Seems like a good opportunity for multipurposing is there for the taking. I could:
- Work on a project for myself with revenue potential
- Learn what I need to learn to complete the project
- Discuss what I’m learning, observing, etc. here on the blog.
It’s so obvious I forget to notice it at times.
I am trying to build toward the above multipurpose taskflow now. In some respects it’s just a matter of being more aware of the things I want to do and seeing where they overlap. In other respects it means freeing up some time so I can put a new workflow in place, while temporarily maintaining the old one.
I’m sure there are some of you who think you’re good at doing multiple things at once. You aren’t. Accept that. It only leads to doing multiple things less effectively than focusing attention on one at a time.
Instead plan better so you can take advantage of natural gaps where you’re waiting on something before you can take the next step in a task. Plan how to efficiently fill the gaps in time.

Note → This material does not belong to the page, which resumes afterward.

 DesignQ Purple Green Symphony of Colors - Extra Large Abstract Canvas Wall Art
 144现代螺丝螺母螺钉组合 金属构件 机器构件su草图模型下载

Even better rethink the concept of multitasking. Think multipurposing. Think about the many different things you want to accomplish and how you can do one task to help you make progress on multiple projects.
I guarantee there are many opportunities for you to do this if you’re willing to think a little differently about what you’d like to accomplish and how you can accomplish them.

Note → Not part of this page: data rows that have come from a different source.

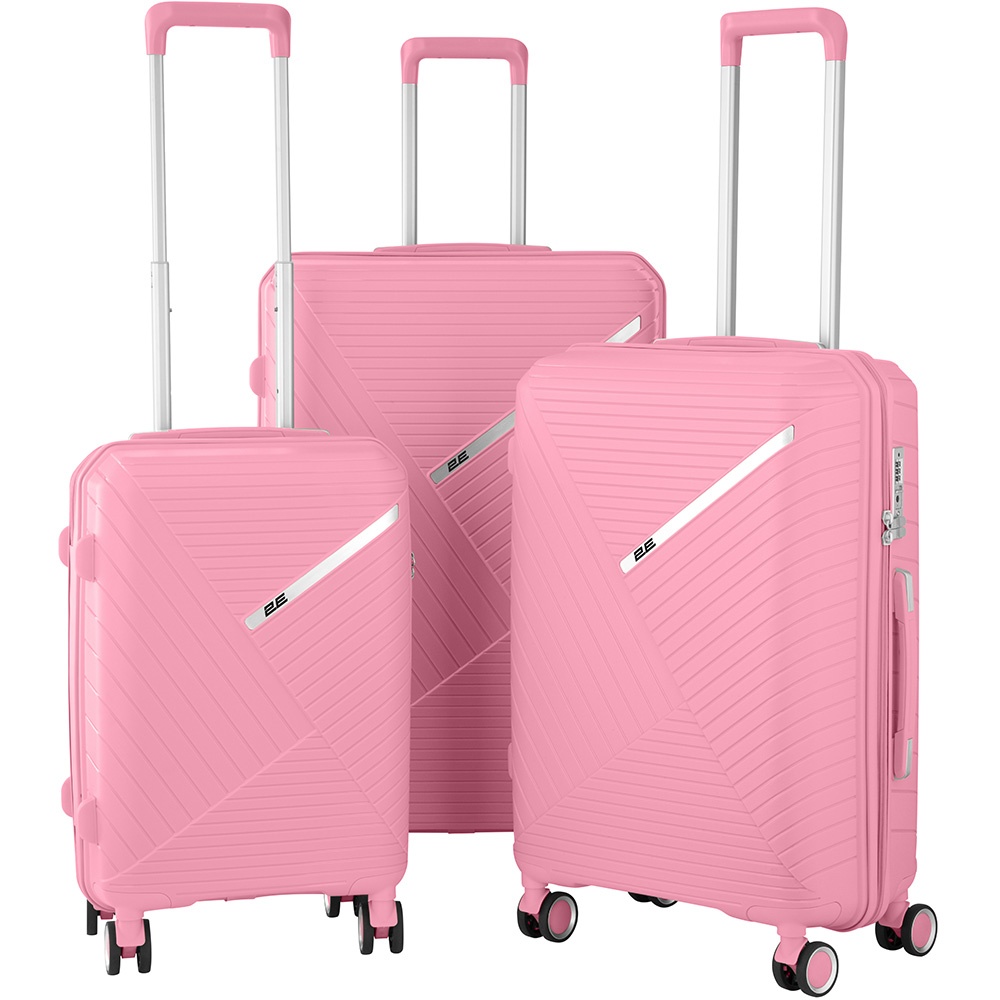 Набір пластикових валіз 2E, SIGMA, (L+M+S),4 колеса, рожевий фото
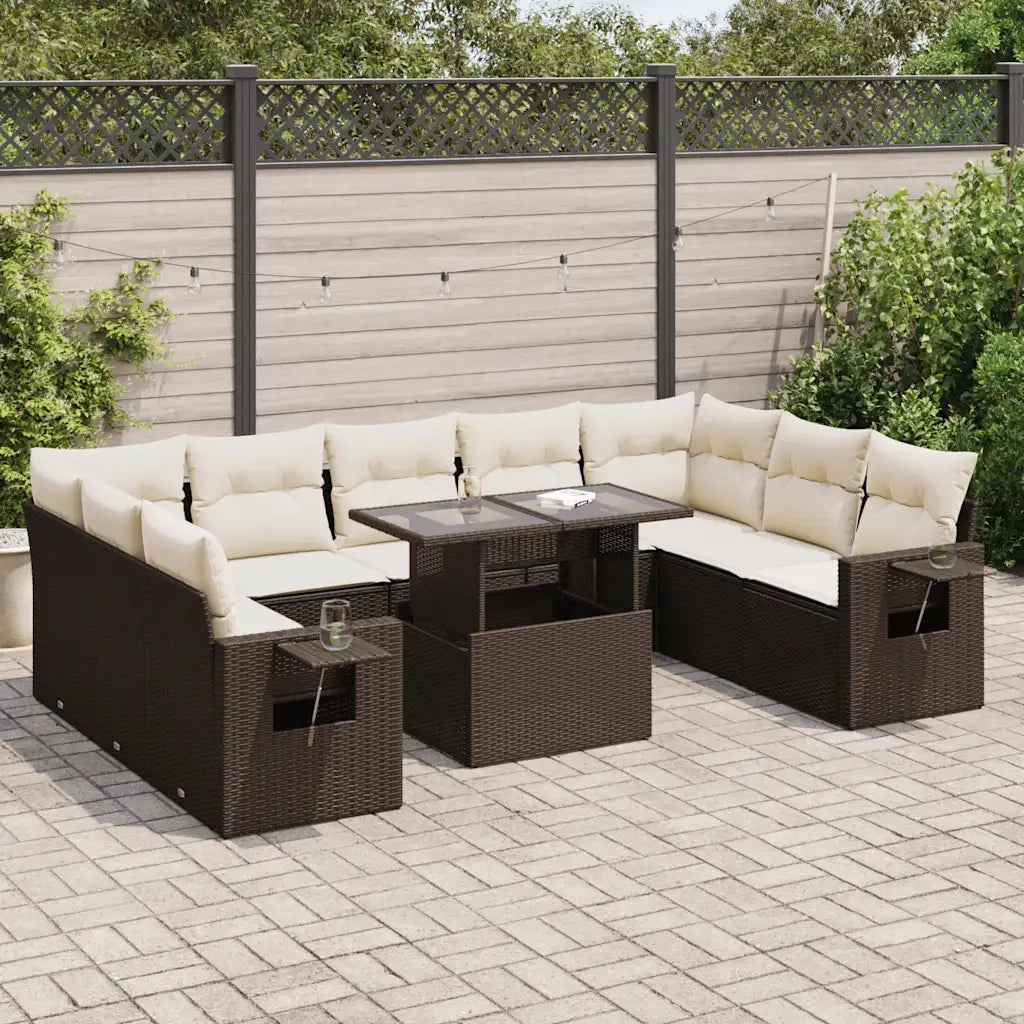 Set Divani da Giardino 10pz con Cuscini in Polyrattan Marrone 3326544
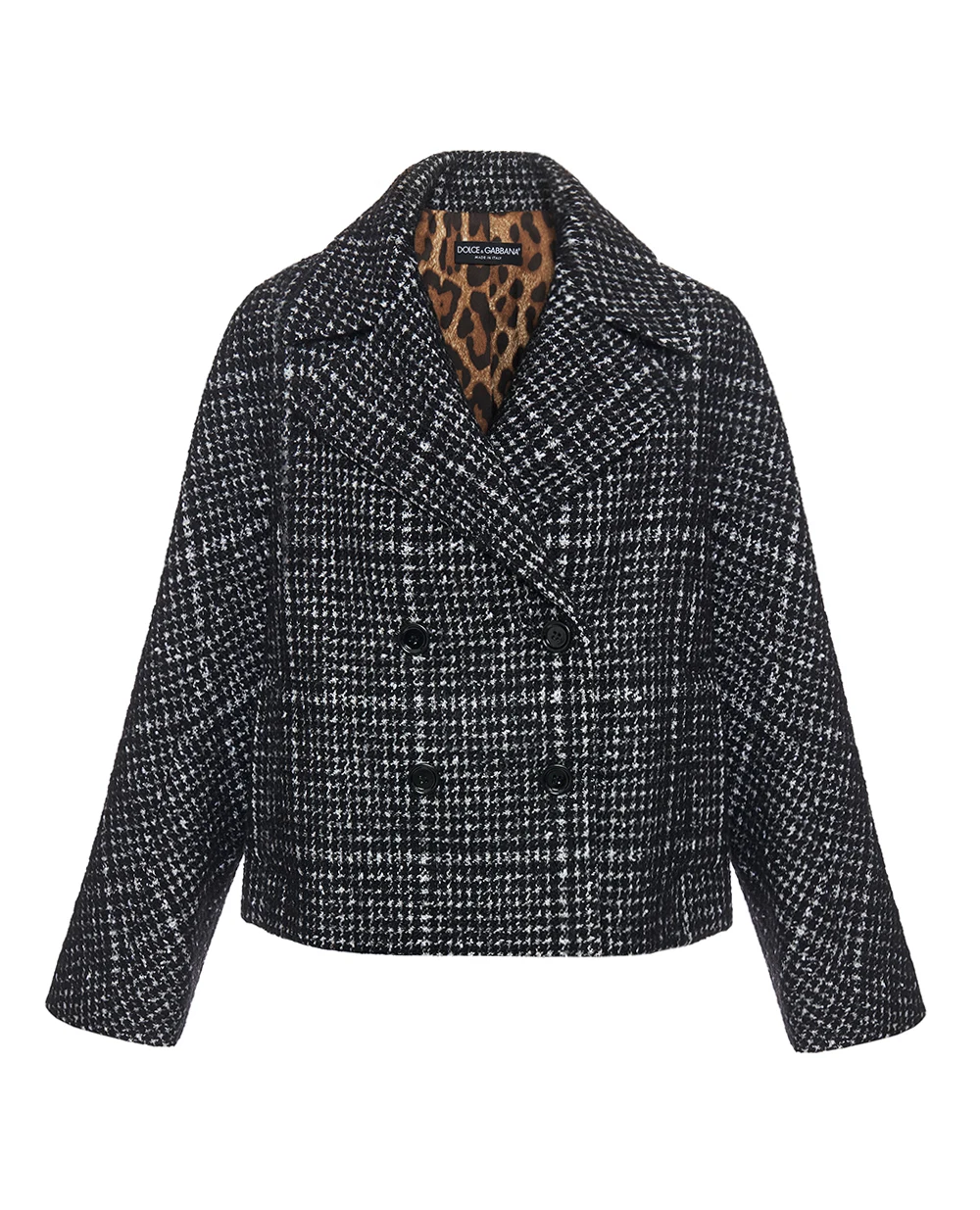 Жакет двубортный из шерсти Dolce&Gabbana F27GDT-FQZAO, черный цвет • Купить в интернет-магазине Kameron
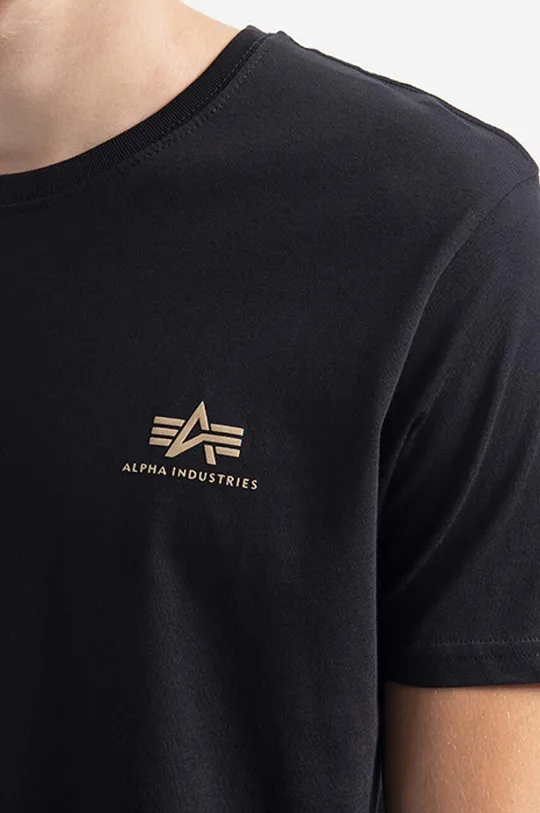 чёрный Хлопковая футболка Alpha Industries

Download a free sample from my book, Design Fundamentals.
Awesome post, I love the concept of multi-purposing. 😀
Kill 2 birds with one stone is always one of my favorite sayings.
I have a good friend in Texas, we talk on IM. He told me years ago that people don’t multi-task well, though I haven’t quite mastered not doing it myself. I notice that trying to mix work with entertainment for example yields to pretty much no results for me. So I have to separate blocks of time where I devote myself to something. I can do one task after another, but not 2 or 3 simultaneously.

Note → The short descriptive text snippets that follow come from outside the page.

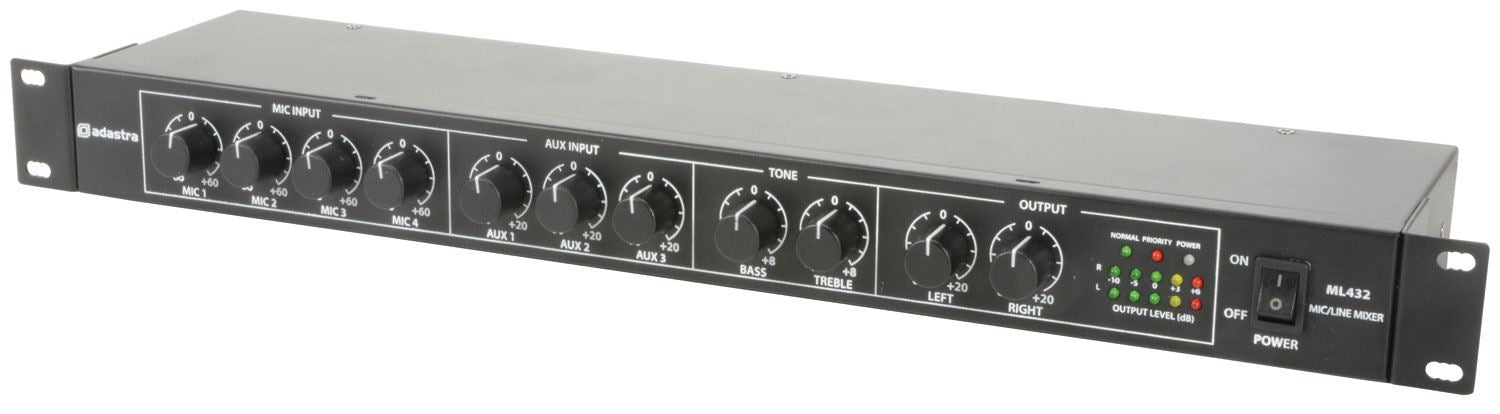 Adastra ML432 4 Mic + 3 Aux Multi Purpose Rack Mount Mixer 1U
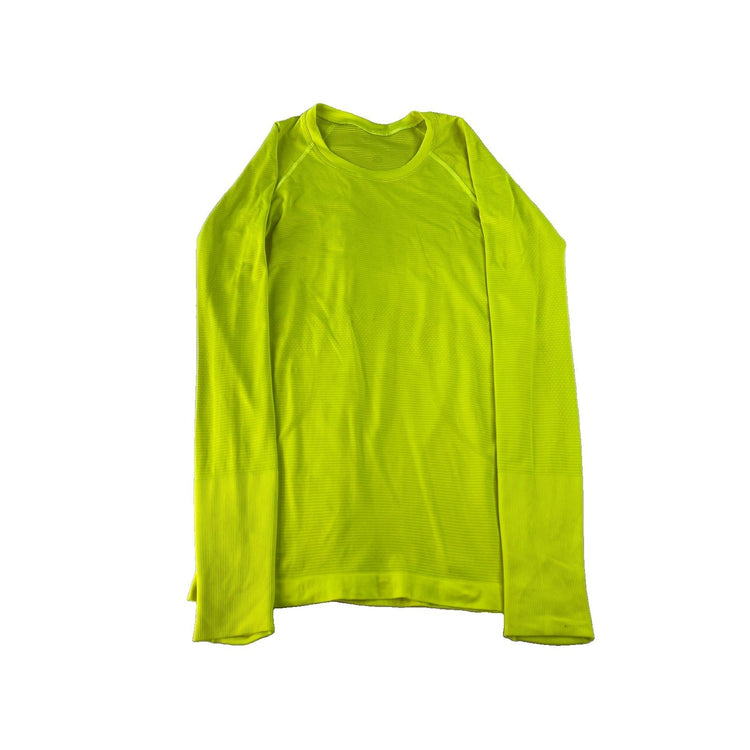 Womens Lululemon Neon Yellow LongSleeve Shirt Thumb Holes Size 6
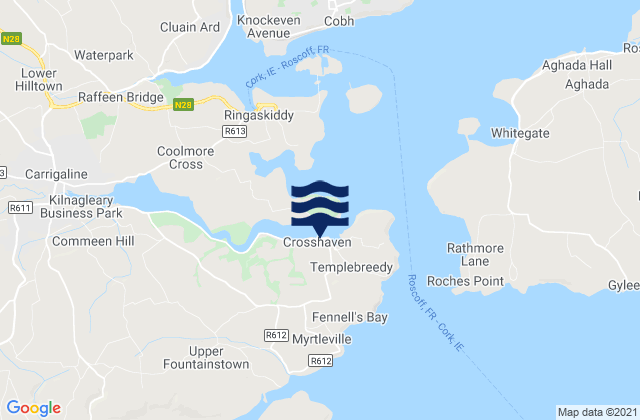 Mappa delle maree di Crosshaven, Ireland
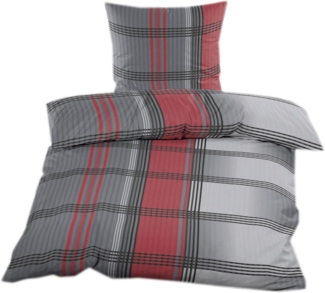 Casa Colori Bettwäsche Seersucker Bettwäsche Garnitur 135x200 Reißverschluss, Seersucker, 2 teilig, in Anthrazit Rot Kariert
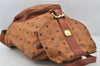 Authentic MCM Visetos Leather Vintage Drawstring Backpack Brown 4711K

I remember reading that a lot of jobs wanted people that could multi-task, I believe that’s when I had picked up the habit. But now I will be working on breaking it.
I believe filling multiple purposes with a single task is a powerful workflow, but people still need to be aware of the multi-tasking trap and actively not do it. I certainly think if people feel all the benefits they will gain from a single task, they will try less to do more than what they can in the same time block.
“Don’t bite off more than you can chew.” 😛
Thanks Daquan. I don’t think anyone can literally multi-task. We can all do more than one thing as long as most of them don’t involve cognition. As soon as we need to think and focus we can really only do one thing.
What most people call multi-tasking is really just bouncing back and forth between different tasks. That’s counter productive. I think there are ways you can efficiently bounce back and forth between different tasks, depending on the tasks.
Somewhere along the way I tried this multipurposing thing and found it helped me be more productive so I’m sticking with it.
Multi-tasking sounds like it should help you get more done, but all the studies I’ve seen say it doesn’t. You end up doing each task a little less well because of the diverted attention. I think it makes people feel like they did more, when the truth is they didn’t.